- Author: Roberto Fustini
- Date: 2016
A weekend out of town should mean peace and lightheartedness, but it can also lead into unchartered situations, from the odd to the life-threatening, treading a thin line between bucolic charm and sheer madness.
Pedro and Yuri are trying to find peace once more, or perhaps to rediscover themselves, but right from the start they have to cope with people who approach them in an ambiguous way, to say the least.
Little by little, and against their will, they are drawn into a surreal scenery, pitting them against the harshest trials they could ever have imagined.
LOST WEEKEND in translation: English version ready and waiting for a publishing partner
The nymph moved the muscles of her throat, her carotid and jaw. She was warming up, preparing for her performance. The music seemed to huddle together at her feet before rising slowly, settling in the foreseen pattern. It rose up, gripping her frame, it swelled like the start of a symphony, and thus perfected the space in which her song would come to life.
A splendid voice, dense and crystalline, began to pour forth. Not a single word of her song was comprehensible. It was an unknown language, one never heard before. Guttural and liquid at times, dry in the imposing declamation of an emotion at its peak.
The two friends were all a shiver, as the magical voice captured them completely. They felt their hair stand on end and a few burning tears pour forth from their eyes, coming to an uncertain halt. Wetting their eyelids.
It was the expression of a goddess. The tones intertwined and panned out in such a perfect manner. Her head seemed to break off and quiver, suspended above a larynx with a life of its own. It was free to move and dance. The whole body enjoyed this freedom, and the single parts together gave rise to an incredible aggregating force.
Her hair, wet and shiny, stretched out backwards, while her body from her waist upwards vibrated vivaciously. Each of her limbs trembled, exalting and celebrating its independence. The single parts of the body orbited in their own universes, endowing their respective rotations with entirely peculiar influences.
And so, like in a surrealist painting, within a delirious reality created by Salvador Dalì, there was a strong sense of decomposition, the static explosion of the single parts, the fluctuation of details in an all-encompassing bubble. The voice was drawing on the force of a fragmented, sectioned body, of which each portion was a different planet, making up a single universe.

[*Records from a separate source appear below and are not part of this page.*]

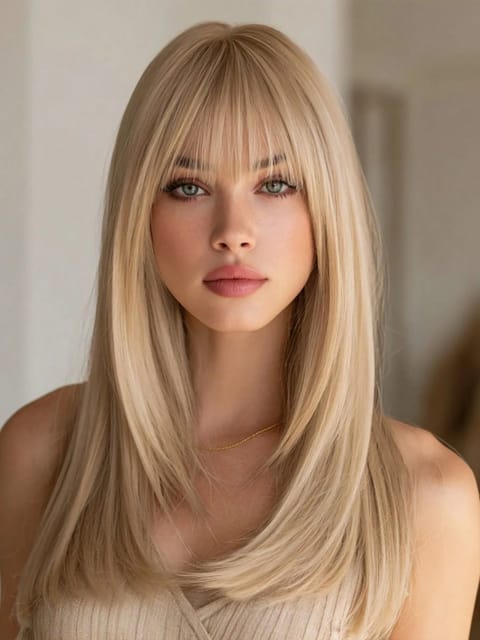 Portrait d'une femme aux cheveux blonds raides et à la frange émoussée en débardeur kaki, posant dans une scène d'intérieur. Modèle pour l'échange de visage d'image.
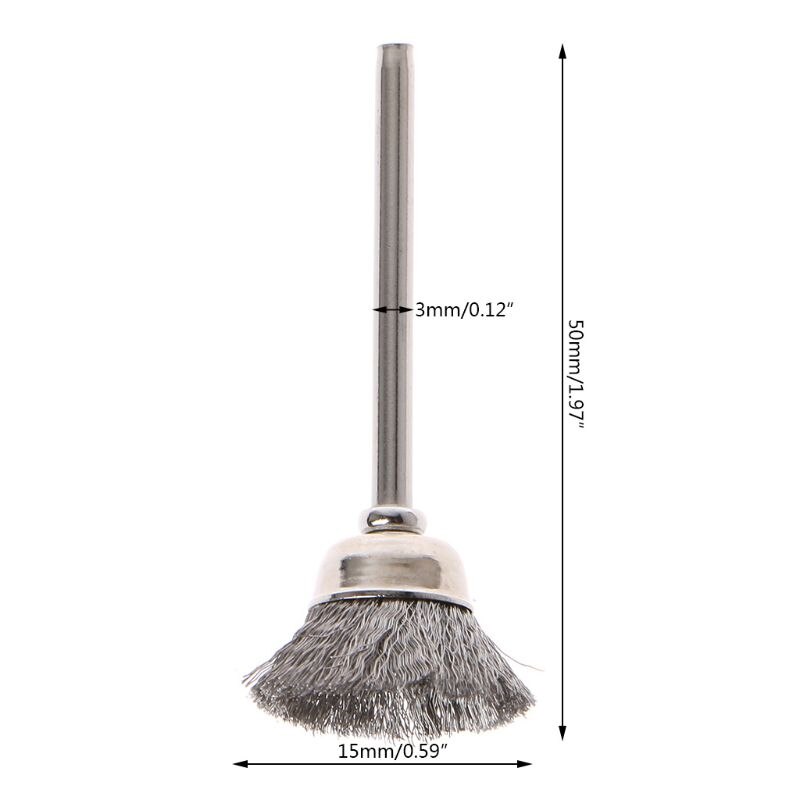 10 st koppformade ståltrådhjulborstar för dremel elverktyg rostrengöring roterande verktyg för gravyr slipmaterial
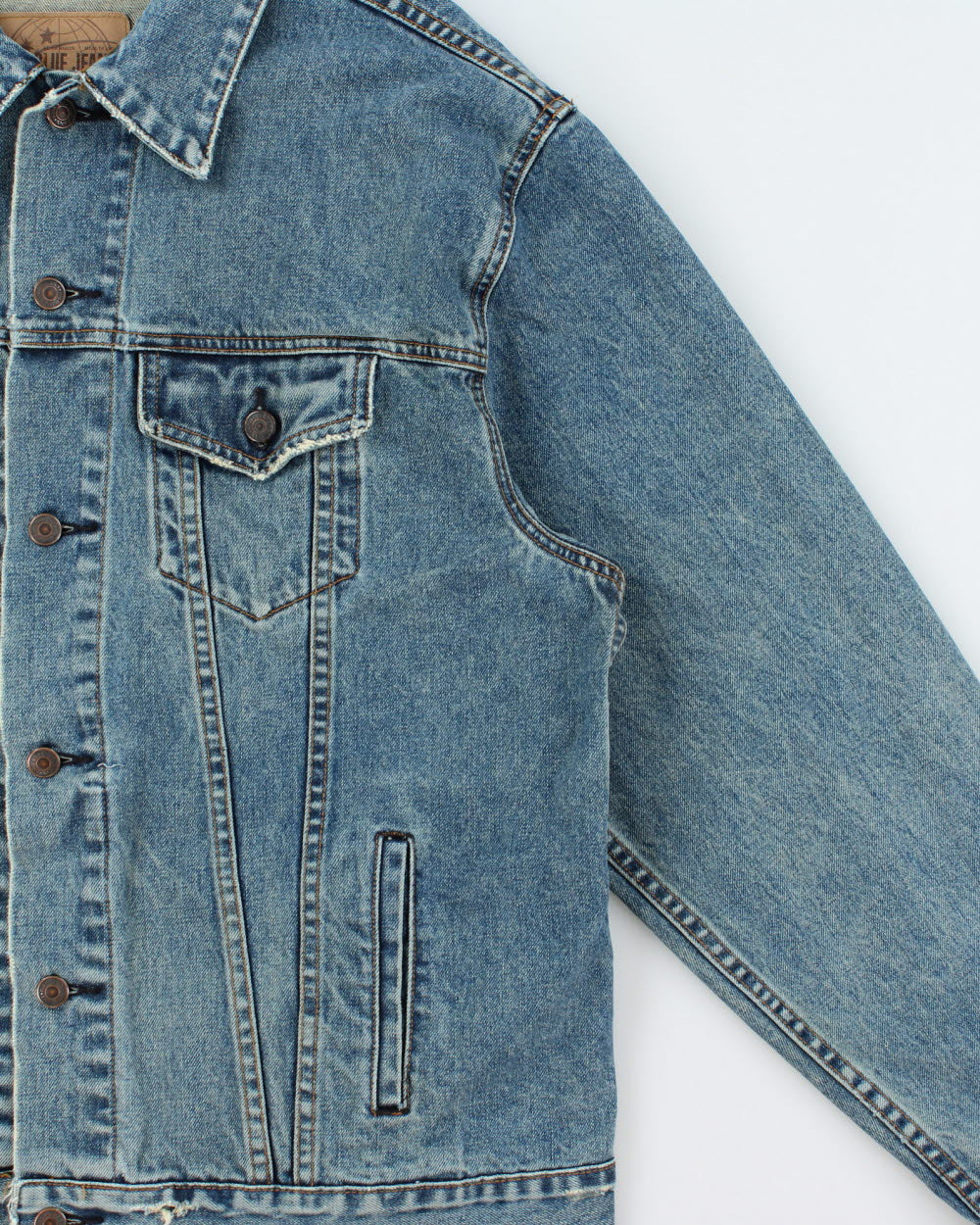 Vintage 1999 GAP Blue Jeans Distressed Denim Trucker Jacket - XL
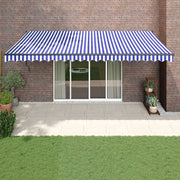 Blue and white automatic retractable awning 5x3 m V5106 Vetonek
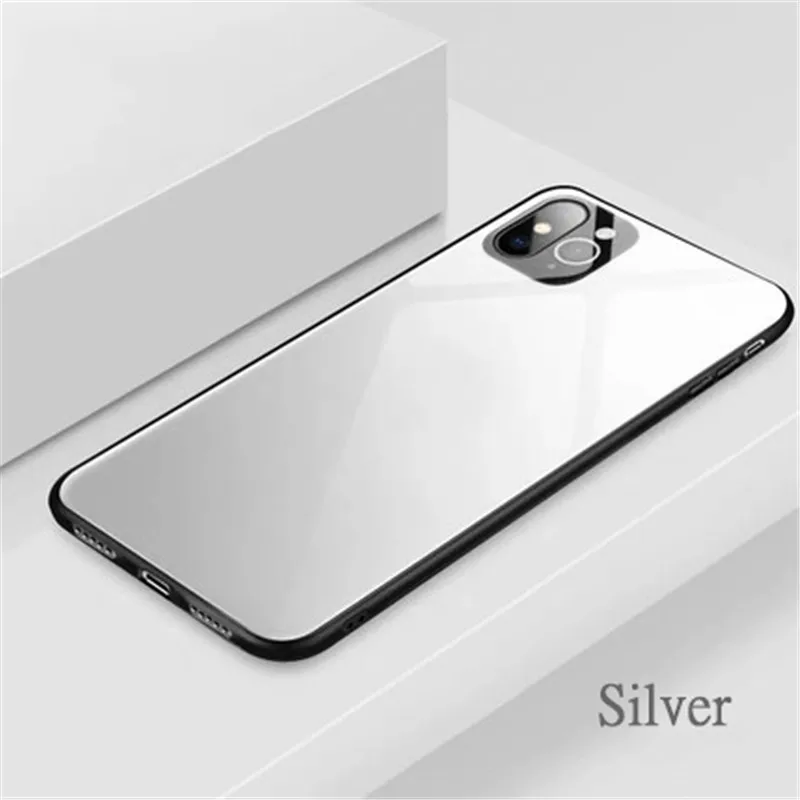 B Чехол для iphone 11, iphone 11 pro, градиентный чехол из закаленного стекла для мобильного телефона, чехол для iphone XR XS 6 7 8 plus - Цвет: B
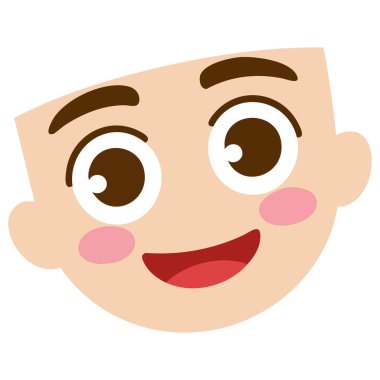 El çizimi düz kawaii şirin yüz vektörü çizimi grafiği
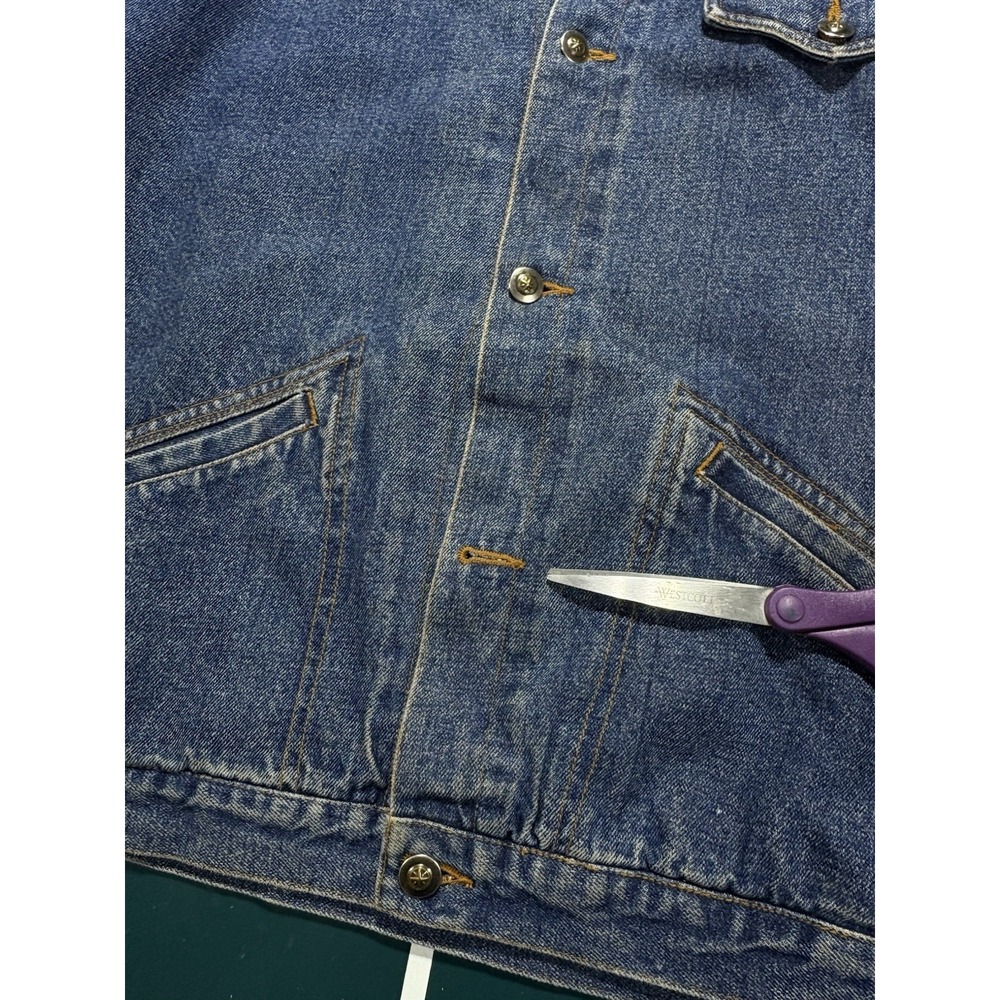 Vintage Denim Jacket Flannel-Lined Trucker Men's Medium Boxy Corduroy Collar 90s - Picture 10 of 16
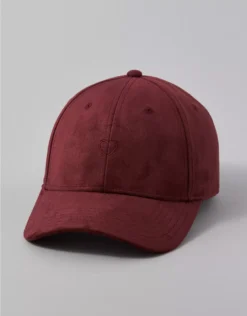 AE Suede Baseball Hat Preppy Red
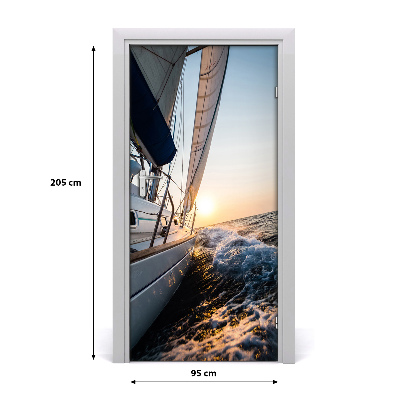 Self-adhesive door wallpaper Yacht on the sea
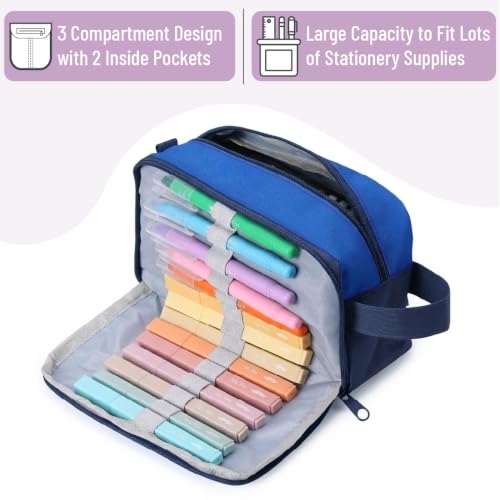 Image of Mr. Pen- High Capacity Pencil Case, Large Pencil Pouch with 3 Compartments and 2 Pockets, Large Pencil Bag with Smooth Zipper, Cute Pencil Case Pouch Organizer, School Supplies for Teens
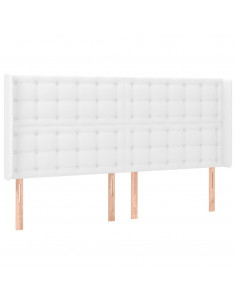 Testiera ad Orecchio Bianco 163x16x118/128 cm in Similpelle 2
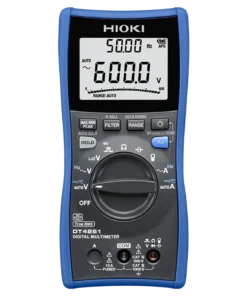 HIOKI DT4261 digital multimeter with safety test leads and terminal shutters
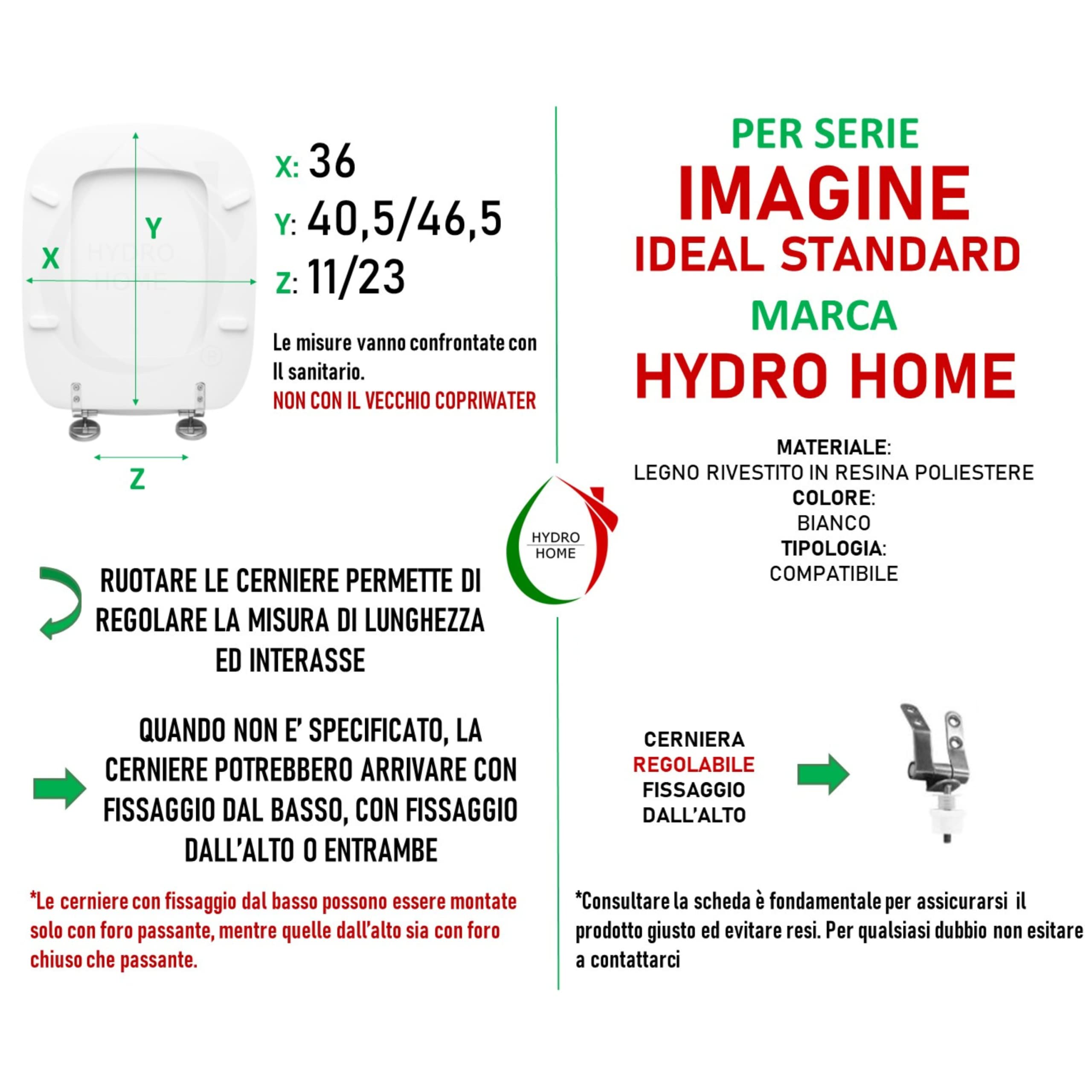 Copriwater Ideal Standard Imagine Compatibile, Tavoletta Wc In Legno Rivestito In Poliestere Con Cerniere Regolabili,Asse Wc Colore Bianco MADE IN ITALY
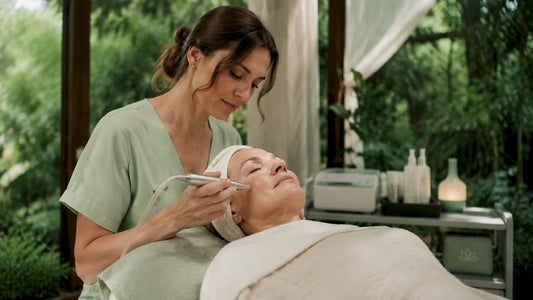 A licensed esthetician performing a glow facial treatment on a female client at a Fort Myers spa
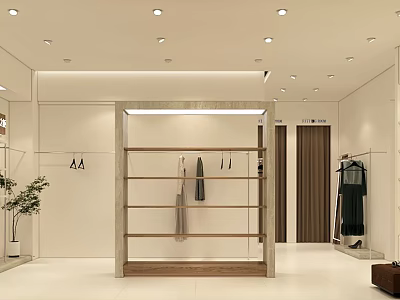 Modern Clothing Store Interior With Clothing Racks Display Shelves And Hanging Clothes 3d model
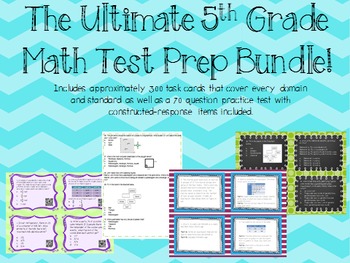 Preview of Ultimate Math Test Prep BUNDLE! {Practice Test & Task Cards}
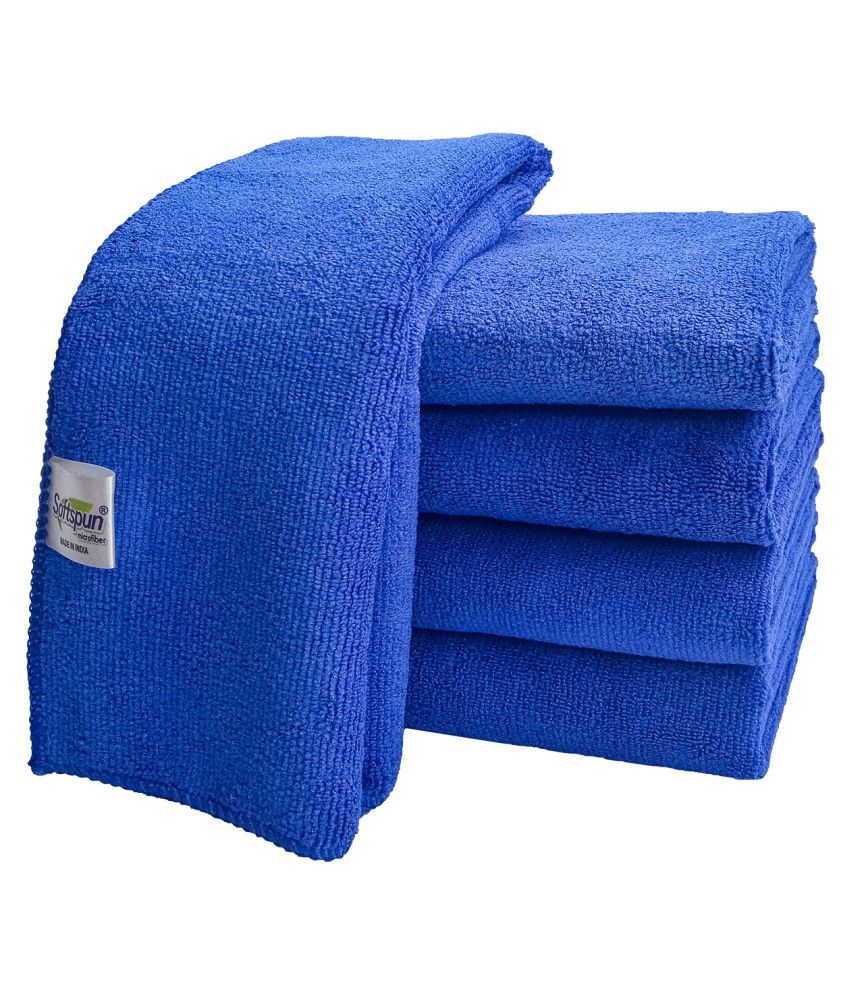     			SOFTSPUN Polyester, Microfiber, Cotton Wash Cloth 340 GSM (5Pcs, Blue)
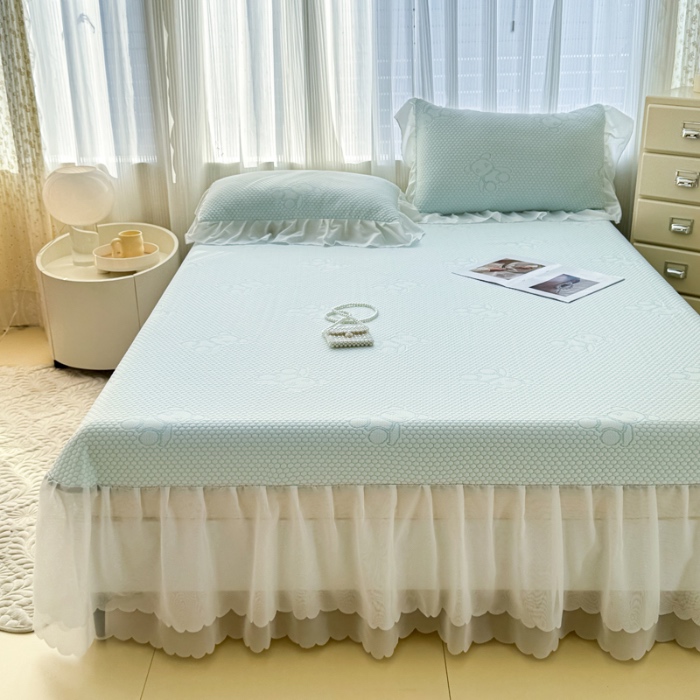 91家纺网 家纺一手货源 找家纺 小萌虎 2025新款A类冰块熊豆豆凉席床裙款 冰块熊-蓝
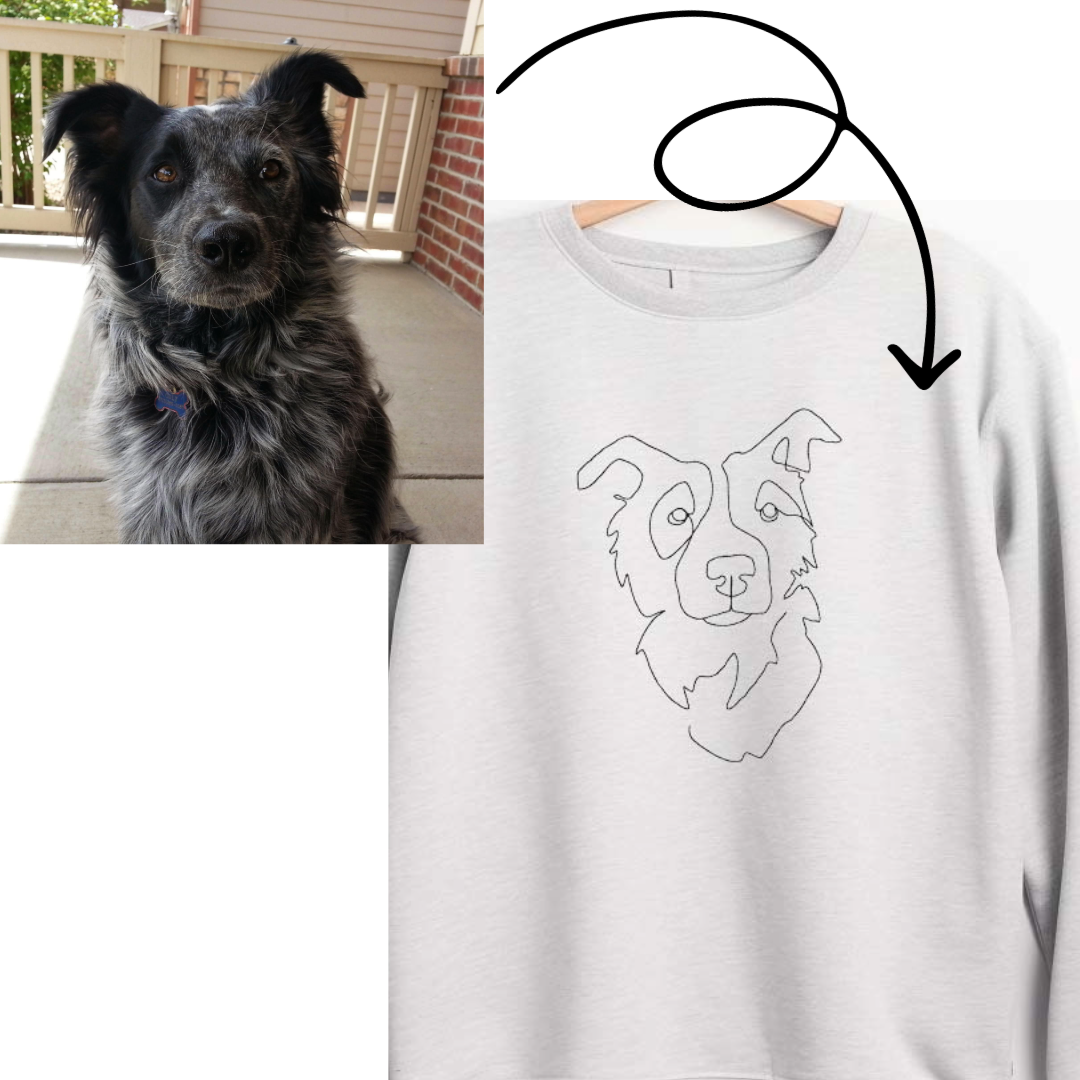 Embroidered dog line art on crewneck sweatshirt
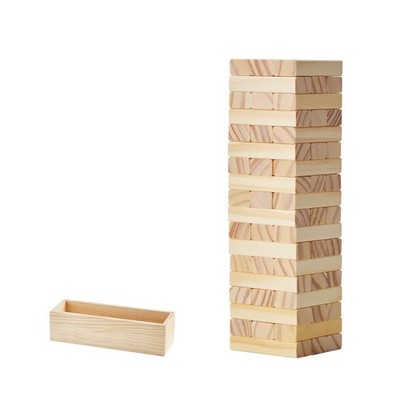 Tumbling Timber Toy 54 Blocks Tumble Tower Blocks Game Pine Wood Crate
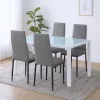Mabel 4+1 Esstisch-Set grau-schwarz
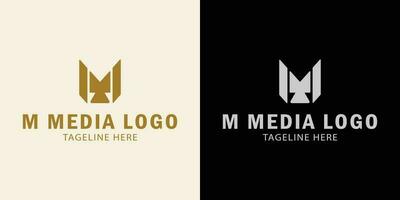 Medien Logo. Brief M, Multimedia. Brief m Initiale Logo mit Video Kamera. kreativ Logo Fachmann. einfach Vektor Design editierbar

Her larynx was warm, launching into its interpretation, and thereby solemnly declaring its supremacy. It exploded in the wonder of that voice, multiplying the shivers running over their skin.
The Naiad appeared like a porous rock, the channels of which – until shortly before flooded by the waves of the sea – were now drying in the breeze. That rock accepted the wind, letting the air breathe into the openings, outright tunnels, creating continuous and contrasting vortices all around the nymph. The descending and rising currents encountered one another, exploding in hurricanes that joined into one on her chest. It was inevitable for her diaphragm to start beating like a drum, and that her rib cage finally exploded. The eruption came in high yet calm notes. Solid.
One note higher and then yet another even higher. The rise seemed endless. Like a piece of elastic being stretched, getting longer. As it dilated, its extension multiplied. The point of contact offered a solid surface of resistance, while the origin of the traction pressed against the tension. The vivid and vibrant note climbed up the stairway of the voices and shot into the air, taking with it a glistening rain of sounds and emotions.